Module 14 — Living-off-the-Land & Evasion¶
Type 5 · Detonate & Detect — accomplish download/execute/persist using only native LOLBAS/GTFOBins binaries and pair each with the behavioural telemetry it still leaves (why certutil spawned by Word is anomalous). (Secondary: Misconception Reveal — evasion shifts detection from signature to behaviour, it doesn't make you invisible.) Go to the hands-on lab →
Last reviewed: 2026-06
Offensive Security — the quietest attacks bring no tools — they use what's already there.
In 60 seconds
Modern defenses flag unknown binaries, so the quietest attacks bring no tools — they abuse the
trusted, signed, native binaries already on the box: certutil to download, regsvr32/mshta to
execute, bitsadmin to transfer. An EDR can't simply block certutil.exe — it's Microsoft-signed
and runs benignly a thousand times a day. The insight that keeps this honest: evasion shifts you
from signature detection to behavioural detection — it does not make you invisible. The
behaviour is still anomalous even when the binary is trusted.
Why this matters¶
Modern defenses flag unknown binaries, so real operators "live off the land": abusing trusted, signed, native tools (certutil, regsvr32, bitsadmin) to download, execute, and persist without dropping anything obvious. LOLBin abuse is among the most common techniques in real intrusions precisely because it blends into normal activity — which is exactly why understanding it matters for both red and blue.
Objective¶
Accomplish attacker tasks (download, execute, persist) using only native binaries, and understand the telemetry that still catches them.
The core idea¶
Modern defenses flag unknown binaries, so the quietest attacks bring no tools — they abuse the
trusted, signed, native binaries already on the box: certutil to download, regsvr32/mshta to
execute, bitsadmin to transfer. "Living off the land" is the name, and LOLBin abuse is among the most
common techniques in real intrusions precisely because it hides in the noise of legitimate admin
activity. An EDR that blocks unknown.exe can't simply block certutil.exe — it's signed by Microsoft
and runs a thousand times a day for benign reasons.
The mental model
Evasion shifts you from signature detection to behavioural detection — it does not make you
invisible. You can dodge "is this binary known-bad?", but you can't dodge "why is certutil
downloading an executable from the internet, spawned by Word?" The behaviour is still anomalous
even when the binary is trusted. That is the entire reason the defensive track invests in process
ancestry and behavioural detection — they are the answer to living-off-the-land.
The gotcha
"Fileless" and "LOLBin" do not mean "undetectable." Defeating signature detection just hands the problem to behavioural detection, which catches the anomalous parent-child chain regardless of how trusted the binary is. Evasion that isn't is just extra noise that gets you caught.
AI caveat
A model suggests LOLBin one-liners instantly, but will just as happily hand you one that's heavily signatured or doesn't exist on the target. Verify each against LOLBAS/GTFOBins and the box's actual binaries. (This module is dual-use — the goal is to understand the technique so you can detect it; keep it in your own lab.)
Learn (~4 hrs)¶
The technique - Living Off The Land Attacks Explained — LOLBins (video) — why and how attackers abuse native tooling. - LOLBAS Project (Windows) and GTFOBins (Unix) — the canonical catalogs; you'll search these constantly.

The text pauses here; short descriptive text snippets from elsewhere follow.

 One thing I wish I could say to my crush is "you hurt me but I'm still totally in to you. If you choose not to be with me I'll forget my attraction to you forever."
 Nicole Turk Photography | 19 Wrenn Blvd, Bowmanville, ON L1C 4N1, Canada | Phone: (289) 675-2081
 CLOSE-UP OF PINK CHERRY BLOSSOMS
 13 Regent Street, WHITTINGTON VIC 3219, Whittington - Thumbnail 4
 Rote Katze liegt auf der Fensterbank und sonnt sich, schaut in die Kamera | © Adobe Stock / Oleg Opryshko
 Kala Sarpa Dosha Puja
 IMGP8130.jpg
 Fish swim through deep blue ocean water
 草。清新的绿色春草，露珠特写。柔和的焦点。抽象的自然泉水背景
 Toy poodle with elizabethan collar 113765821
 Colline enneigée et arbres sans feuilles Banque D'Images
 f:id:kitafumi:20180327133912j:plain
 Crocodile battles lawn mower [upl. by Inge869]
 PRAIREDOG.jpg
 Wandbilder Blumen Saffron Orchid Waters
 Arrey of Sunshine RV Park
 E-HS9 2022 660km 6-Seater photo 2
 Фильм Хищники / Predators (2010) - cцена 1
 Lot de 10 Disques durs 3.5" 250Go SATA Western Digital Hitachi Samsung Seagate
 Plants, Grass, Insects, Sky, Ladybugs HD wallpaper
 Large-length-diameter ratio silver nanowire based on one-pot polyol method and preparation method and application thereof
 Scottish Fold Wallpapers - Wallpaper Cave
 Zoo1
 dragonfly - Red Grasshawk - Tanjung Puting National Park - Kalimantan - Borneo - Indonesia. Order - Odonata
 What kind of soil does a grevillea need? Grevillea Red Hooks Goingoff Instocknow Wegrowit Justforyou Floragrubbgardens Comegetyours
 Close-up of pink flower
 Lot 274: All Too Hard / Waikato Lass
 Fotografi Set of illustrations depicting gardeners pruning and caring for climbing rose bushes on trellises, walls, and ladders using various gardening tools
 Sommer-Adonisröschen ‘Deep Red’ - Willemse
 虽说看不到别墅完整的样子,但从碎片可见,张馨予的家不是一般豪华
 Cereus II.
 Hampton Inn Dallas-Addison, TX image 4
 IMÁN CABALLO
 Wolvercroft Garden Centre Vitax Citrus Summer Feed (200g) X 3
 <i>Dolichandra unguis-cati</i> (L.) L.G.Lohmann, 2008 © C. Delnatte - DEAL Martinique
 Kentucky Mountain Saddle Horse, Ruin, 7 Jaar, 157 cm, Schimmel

Where it sits - MITRE ATT&CK — Defense Evasion (TA0005) — the tactic, and how detections catch LOLBin abuse anyway.
Key concepts¶
- Why "fileless" / LOLBin techniques evade signature defenses
- Common LOLBins: download cradles, execution, persistence
- Application allow-listing bypasses
- Basic AV/EDR evasion concepts — and their limits
- Why behaviour-based detection still catches you
AI acceleration¶
A model suggests LOLBin one-liners instantly — and just as easily suggests one that's heavily signatured or that doesn't exist on the target. Verify each against LOLBAS/GTFOBins and the target's actual binaries; evasion that isn't is just noise. (This module is dual-use — the goal is to understand the technique so you can detect it; keep it in your own lab.)
Check yourself
- Why can't an EDR just block
certutil.exethe way it blocks an unknown binary? - What does evasion actually shift — and why does that mean "fileless" isn't "undetectable"?
- Give an example of a LOLBin chain whose individual binaries are trusted but whose behaviour is anomalous.